Why heads share same KQV weights(matrix) in transformer?


    self.values = nn.Linear(self.head_dim, self.head_dim, bias=False)
    self.keys = nn.Linear(self.head_dim, self.head_dim, bias=False)
    self.queries = nn.Linear(self.head_dim, self.head_dim, bias=False)
    self.fc_out = nn.Linear(heads * self.head_dim, embed_size)

    def forward(self, values, keys, query, mask):
    # Get number of training examples
    N = query.shape[0]

    value_len, key_len, query_len = values.shape[1], keys.shape[1], query.shape[1]

    # Split the embedding into self.heads different pieces
    values = values.reshape(N, value_len, self.heads, self.head_dim)
    keys = keys.reshape(N, key_len, self.heads, self.head_dim)
    query = query.reshape(N, query_len, self.heads, self.head_dim)

    values = self.values(values)  # (N, value_len, heads, head_dim)
    keys = self.keys(keys)  # (N, key_len, heads, head_dim)
    queries = self.queries(query)  # (N, query_len, heads, heads_dim)

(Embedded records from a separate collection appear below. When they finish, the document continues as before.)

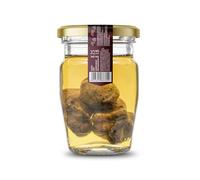 Valnerina Tartufi Tartufo Bianco Pregiato Intero Vasetto 25 gr.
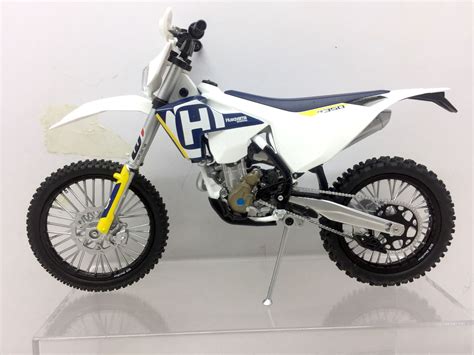 Sunimport Motocross Model Husqvarna Fe Mxstore At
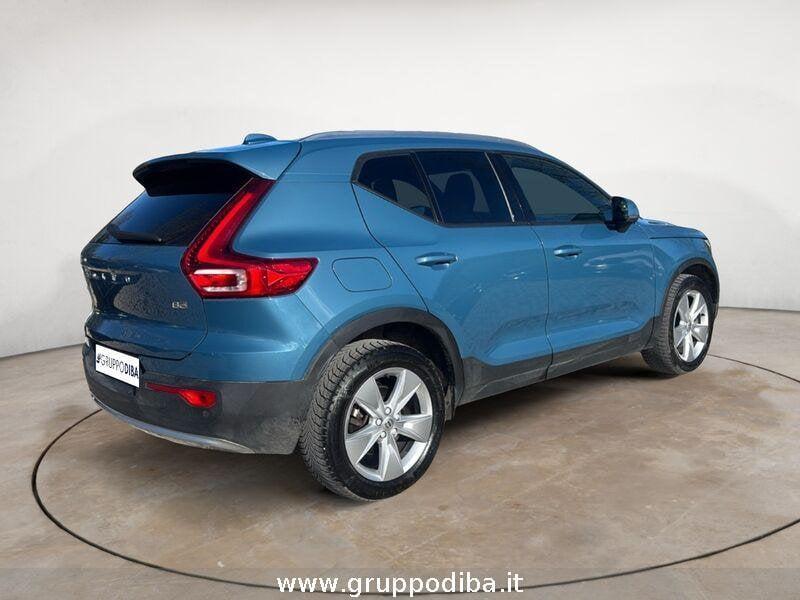 Volvo XC40 2023 2.0 b3 Ultimate Bright auto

    # Einsum does matrix mult. for query*keys for each training example
    # with every other training example, don't be confused by einsum
    # it's just how I like doing matrix multiplication & bmm

    energy = torch.einsum("nqhd,nkhd->nhqk", [queries, keys])

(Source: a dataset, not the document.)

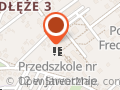 Przedszkole nr 12 Miejskie z Oddziałami Integracyjnymi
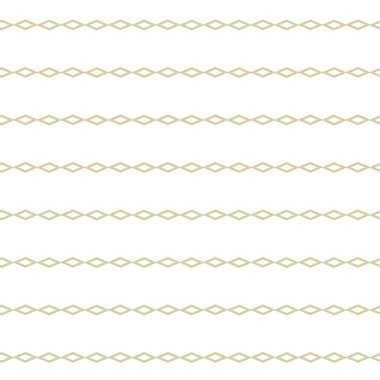 geometrik süsleme biçiminde kusursuz vektör deseni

I have noticed that many implementations of multi-headed attention are similar to the above code. But I am confused as to why, here, the KQV projections for the different heads seem to be shared.

Is it because in back propagation they receive the same signal?


Solution

  • It's not shared. See original implementation (https://github.com/google-research/google-research/blob/6a30ad7a6655fc481ab040ad6e54a92be93a8db3/summae/transformer.py#L73), also implementations in huggingface and pytorch.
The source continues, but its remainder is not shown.